Boatbuilding news, building tips, and builder feedback

WebLetter 18

An Occasional Publication for the Home Boat Builder

Glen-L Marine Designs - 9152 Rosecrans Ave. - Bellflower, CA 90706

In this issue

Glen-L Update
  • I would like to remind you of some of the resources on our site.
    • Project Registry. This is where builders list their Glen-L project along with their email address - but there is more here. By reading the updates on boats you are interested in, and other similar boats, you can get an idea of building time.
    • Customer Photos. Attached to most of the photos are emails or letters from the builders. Frequently these messages will contain information that can help you decide on a project.
    • Useful Information & Suppliers. These pages include: Lumber Suppliers List, Jet Suppliers, Diesel Engine Manufacturers, Misc Suppliers (aluminum spars, fiberglass core materials, airboat props), Glossary of Terms, Tables of metric and other conversions, Links (including Glen-L builder sites).
    • For your questions about epoxy, see the EPOXY pages.
    • Wood and Plywood Information. These pages include a chapter from Boatbuilding with Plywood on boatbuilding lumber and technical specs from the American Plywood Association.
  • What else has been added to the site? always lots of Customer Photos and Project Registries and updates. The webMASTER notes on the site have not been kept up, so it is hard to remember all the changes and additions. There have been new listings in the Lumber Suppliers list and Links pages and additions to Boatbuilding Supplies.
  • The Outboards section of our online Boat Design Catalog will be the next one for a face lift; should be on the site before the next WebLetter. New pages will include a bill of materials for the hull.
  • Our Year 2000 edition of our hard copy "Book of Boat Designs" catalog is almost here. The negatives are being shot as I write this and when complete should mean we have the catalogs two weeks later. The new catalog will be a vertical format (formally it was a horizontal "album fold"). It will have 40 additional pages with many more photographs. You can order the new catalog through our secure order form or by one of the other methods listed on our How to Order page.
  • On the drawing board... Our current project is a pedal boat. This is something we have been receiving requests for for years. Glen and Allyn have been sharing ideas on the mechanical parts and Allyn is starting on the hulls. See more in this WebLetter.
  • Would you like to become Internet famous? We are looking for articles, boat building hints, and photos for future WebLetters. The point of this WebLetter is to be a resource for boat builders... why not put in your two cents worth? How about "Shop Talk" about a particular procedure, special jigs you have made, or the right tool to use? We look forward to your input.

Barry Witt      

Free magazine

Fri, 07 Apr 2000
Dear Barry:

We'd like to offer a free issue of SCA to any of your readers who mention they saw the special offer on Glen-L's website. In addition, we'd like to add that the offer is only available to the first 500 respondents.
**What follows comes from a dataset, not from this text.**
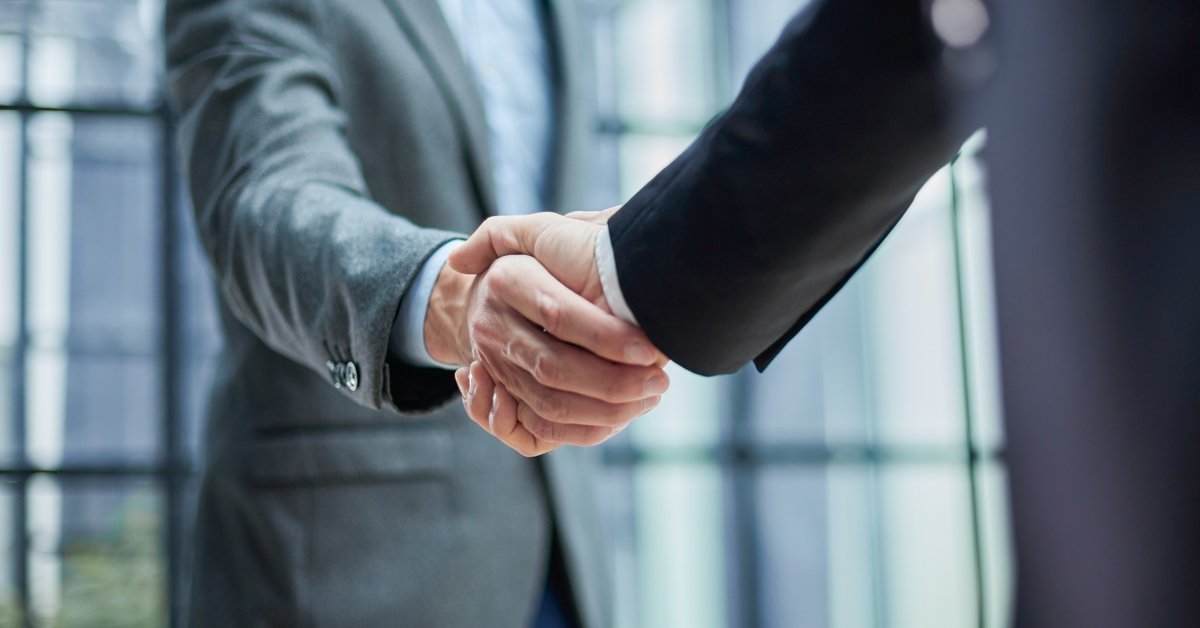 Two diverse professional business men executive leaders shaking hands at office meeting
Please remind them that they must mention Glen-L to receive the free issue.
Our website is looking a little better so feel free to send interested parties that way.

Best Regards,

Josh Colvin
Small Craft Advisor

For more information on Small Craft Advisor, see WebLetter 17. To request your free magazine, email: and be sure to mention you are responding to the offer on the Glen-L site.

On the drawing board: Pedal boat

For years we've had requests for human powered "pedal" boats, and for years we've had to say that we didn't have them. Well that will soon be remedied. The "Pedal-It" will incorporate readily available bicycle parts. It will be a pontoon hull with a rudder fabricated from pipe and fiberglass. We will have more on this project in our next WebLetter. There is no due date as yet. After the test model is completed, the drawings will be finalized, instructions written, and drawings and instructions proof read. Click here for photos of the beginning stages of construction of the test model.

Note: The Pedal-It is now available. See the Boat Design Catalog/Special purpose designs

Build a boat

Sliding Rowing Seat

We have been getting a number of email questions concerning "add-ons" for existing boats. Things like "center console", "sliding rowing seat", and "flying bridge". We don't have flying bridge plans, but their construction is covered in our book "Boatbuilding with Plywood". Several builders have adapted the Console Skiff Console Patterns ($17.00) to their boats, and the Sliding Seat plans ($23.00) for the Sculling Skiff are available separately and have been popular with many builders for use in their rowing boats. The copy below is from our "Book of Boat Designs"

Build your own sliding seat rowing rig. It's easy and fun with Full Size Patterns and simple step-by-step instructions. Built of wood and other readily obtainable materials, the unit weighs only 19 lbs. Designed to be independent of the hull, it can be lifted out as a unit for transporting. Clog spacing and angle are fully adjustable and the seat rolls with nylon sheave wheels on an aluminum rod track. (NOTE: These Plans & Patterns are included with the SCULLING SKIFF.)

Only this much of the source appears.